The foregoing representations, warranties, confirmations, acknowledgements,
agreements and undertakings are given for the benefit of the Company, the
Nomad and the Joint Bookrunners and are irrevocable. The Joint Bookrunners,
the Company, the Nomad and their respective affiliates and others will rely
upon the truth and accuracy of the foregoing representations, warranties,
confirmations, acknowledgements, agreements and undertakings. Each prospective
Placee, and any person acting on behalf of such Placee, irrevocably authorises
the Company, the Joint Bookrunners and the Nomad to produce this Announcement,
pursuant to, in connection with, or as may be required by any applicable law
or regulation, administrative or legal proceeding or official inquiry with
respect to the matters set forth herein.
By participating in the Placing, each Placee (and any person acting on such
Placee's behalf) agrees to indemnify on an after tax basis and hold the
Company, the Joint Bookrunners, the Nomad and their respective affiliates,
agents, directors, officers and employees harmless from any and all costs,
claims, liabilities and expenses (including legal fees and expenses) arising
out of or in connection with any breach of the representations, warranties,
acknowledgements, agreements and undertakings given by the Placee (and any
person acting on such Placee's behalf) in this Announcement or incurred by the
Joint Bookrunners, the Company, the Nomad or any of their respective
affiliates, agents, directors, officers or employees arising from the
performance of the Placees' obligations as set out in this Announcement, and
further agrees that the provisions of this Announcement shall survive after
completion of the Placing.
Where the Placees are acting in its capacity as a discretionary investment
manager on behalf of its underlying clients, then it is the discretionary
investment manager that is to be regarded as the Placee for the purpose of
this Announcement and not the underlying client. For the avoidance of doubt,
the representations and warranties given are to be taken as made on behalf of
the Placee itself and not their underlying client.
Taxation
The agreement to allot and issue Placing Shares to Placees (and/or to persons
for whom such Placee is contracting as agent) free of stamp duty and stamp
duty reserve tax relates only to their allotment and issue to Placees, or such
persons as they nominate as their agents, direct from the Company for the
Placing Shares in question. Such agreement also assumes that the Placing
Shares are not being acquired in connection with arrangements to issue
depositary receipts or to issue or transfer the Placing Shares into a
clearance service. If there are any such arrangements, or the settlement
relates to any other dealing in the Placing Shares, stamp duty or stamp duty
reserve tax or other similar taxes or duties may be payable, for which the
Company, the Joint Bookrunners and the Nomad will not be responsible, and the
Placees shall indemnify the Company and the Joint Bookrunners on an after-tax
basis for any stamp duty or stamp duty reserve tax or other similar taxes or
duties (together with interest, fines and penalties) in any jurisdiction paid
by the Company, the Nomad or the Joint Bookrunners in respect of any such
arrangements or dealings. If this is the case, each Placee should seek its own
advice and notify the Joint Bookrunners accordingly. Placees are advised to
consult with their own advisers regarding the tax aspects of the subscription
for Placing Shares.
The Company, the Nomad and the Joint Bookrunners are not liable to bear any
taxes that arise on a sale of Placing Shares subsequent to their acquisition
by Placees, including any taxes arising otherwise than under the laws of the
United Kingdom or any country in the EEA. Each prospective Placee should,
therefore, take its own advice as to whether any such tax liability arises and
notify the Joint Bookrunners and the Company accordingly. Furthermore, each
prospective Placee agrees to indemnify on an after-tax basis and hold the
Joint Bookrunners, the Nomad and/or the Company and their respective
affiliates harmless from any and all interest, fines or penalties in relation
to stamp duty, stamp duty reserve tax and all other similar duties or taxes in
any jurisdiction to the extent that such interest, fines or penalties arise
from the unreasonable default or delay of that Placee or its agent.
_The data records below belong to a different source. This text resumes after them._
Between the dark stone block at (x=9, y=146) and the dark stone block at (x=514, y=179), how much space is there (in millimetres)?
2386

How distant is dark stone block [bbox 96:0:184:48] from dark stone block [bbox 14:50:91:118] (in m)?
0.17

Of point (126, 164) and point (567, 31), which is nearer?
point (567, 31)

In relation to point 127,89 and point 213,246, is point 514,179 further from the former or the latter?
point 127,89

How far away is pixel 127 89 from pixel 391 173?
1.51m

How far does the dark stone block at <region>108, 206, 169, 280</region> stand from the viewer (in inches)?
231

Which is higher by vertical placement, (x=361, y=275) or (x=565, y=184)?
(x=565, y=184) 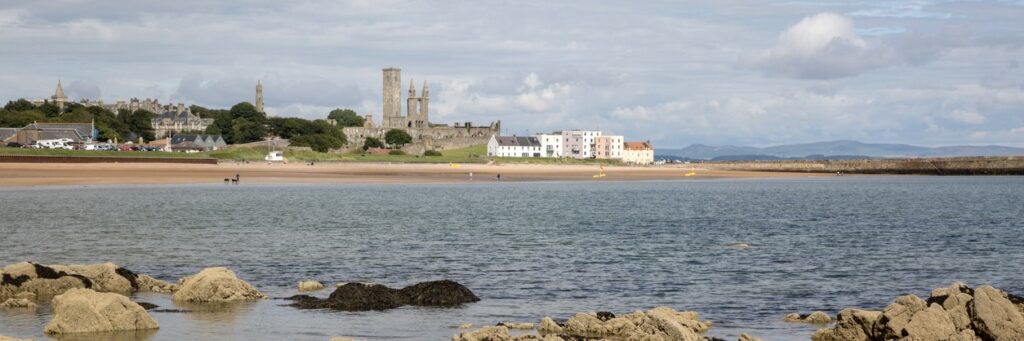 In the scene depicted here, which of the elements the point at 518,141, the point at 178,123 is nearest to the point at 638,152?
the point at 518,141

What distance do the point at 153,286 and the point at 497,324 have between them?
22.8 feet

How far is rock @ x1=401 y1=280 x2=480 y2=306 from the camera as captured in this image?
17922 millimetres

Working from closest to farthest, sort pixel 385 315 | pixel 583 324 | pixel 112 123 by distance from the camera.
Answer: pixel 583 324
pixel 385 315
pixel 112 123

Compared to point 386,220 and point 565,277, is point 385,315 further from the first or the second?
point 386,220

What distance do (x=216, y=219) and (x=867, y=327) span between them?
1058 inches

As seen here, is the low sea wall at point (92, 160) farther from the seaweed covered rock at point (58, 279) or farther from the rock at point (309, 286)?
the rock at point (309, 286)

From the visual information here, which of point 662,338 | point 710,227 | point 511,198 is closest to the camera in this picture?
point 662,338

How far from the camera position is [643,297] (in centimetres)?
1922

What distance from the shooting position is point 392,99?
601 feet

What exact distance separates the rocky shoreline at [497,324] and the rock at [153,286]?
2 cm

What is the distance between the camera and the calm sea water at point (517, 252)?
16828 millimetres

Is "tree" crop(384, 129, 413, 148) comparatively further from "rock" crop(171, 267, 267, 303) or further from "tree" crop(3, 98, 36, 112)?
"rock" crop(171, 267, 267, 303)

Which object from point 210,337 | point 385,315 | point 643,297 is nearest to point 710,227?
point 643,297

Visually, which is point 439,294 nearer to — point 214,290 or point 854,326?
point 214,290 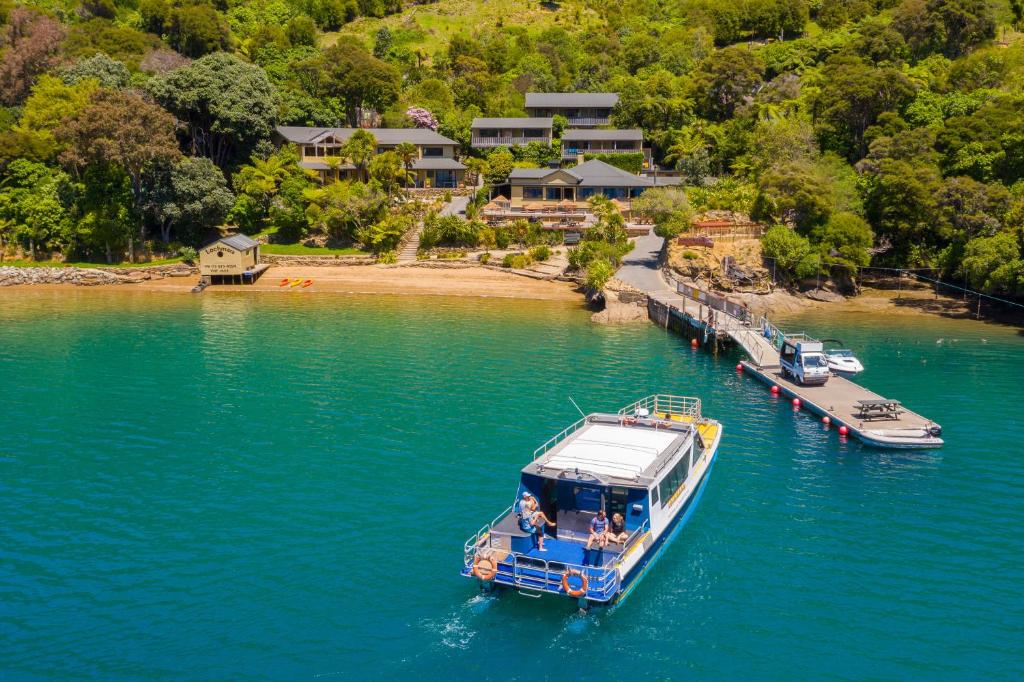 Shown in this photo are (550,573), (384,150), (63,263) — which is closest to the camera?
(550,573)

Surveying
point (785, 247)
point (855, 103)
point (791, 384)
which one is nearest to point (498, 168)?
point (785, 247)

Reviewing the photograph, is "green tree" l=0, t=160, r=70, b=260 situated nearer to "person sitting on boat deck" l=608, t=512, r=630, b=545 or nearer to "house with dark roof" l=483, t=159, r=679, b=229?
"house with dark roof" l=483, t=159, r=679, b=229

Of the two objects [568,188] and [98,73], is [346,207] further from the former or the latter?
[98,73]

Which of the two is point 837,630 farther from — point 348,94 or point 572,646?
point 348,94

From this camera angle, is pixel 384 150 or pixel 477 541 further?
pixel 384 150

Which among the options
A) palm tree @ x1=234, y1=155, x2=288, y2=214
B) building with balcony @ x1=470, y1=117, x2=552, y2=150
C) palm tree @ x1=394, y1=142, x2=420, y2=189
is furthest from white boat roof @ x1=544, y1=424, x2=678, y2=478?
building with balcony @ x1=470, y1=117, x2=552, y2=150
In addition, Placees should note that they will be liable for any stamp duty
and all other stamp, issue, securities, transfer, registration, documentary or
other duties or taxes (including any interest, fines or penalties relating
thereto) payable, whether inside or outside the UK, by them or any other
person on the subscription, acquisition, transfer or sale by them of any
Placing Shares or the agreement by them to subscribe for, acquire, transfer or
sell any Placing Shares.
Enterprise Investment Scheme (EIS) and Venture Capital Trusts (VCT)
The Company believes that, based on advice received, the Firm Placing Shares,
a portion of the Conditional Placing Shares and the WRAP Retail Offer Shares
will constitute 'eligible shares' and that the Company will be regarded as a
'qualifying company' for the purposes of the EIS rules. The Company also
expects certain of the Placing Shares to be capable of constituting a
qualifying holding for VCT purposes.
The status of such Shares as a qualifying holding for VCT purposes will be
conditional (amongst other things) on the qualifying conditions being
satisfied throughout the period of ownership. The status of such Shares as
qualifying for EIS Relief will be conditional (amongst other things) on the
qualifying conditions being satisfied, both by the Company and (as regards
those conditions to be met by the investor) the investor throughout a period
of at least three years from the date of issue.
There can be no assurance that the Company will conduct its activities in a
way that will secure or retain qualifying status for VCT and/or EIS purposes
(and indeed circumstances may arise where the Directors of the Company believe
that the interests of the Group are not served by seeking to retain such
status). Further, the conditions for VCT and EIS Relief are complex and
relevant investors are recommended to seek their own professional advice
before investing. This paragraph is without prejudice to any separate comfort
letters which may have been given by the Company to certain EIS and/or VCT
investors in connection with the Placing.
No statement in the Placing Documents is intended to be a profit forecast or
estimate, and no statement in the Placing Documents should be interpreted to
mean that earnings per share of the Company for the current or future
financial years would necessarily match or exceed the historical published
earnings per share of the Company. Past performance is no guide to future
performance and persons needing advice should consult an independent financial
adviser.
The price of shares and any income expected from them may go down as well as
up and investors may not get back the full amount invested upon disposal of
the shares. Past performance is no guide to future performance, and persons
needing advice should consult an independent financial adviser.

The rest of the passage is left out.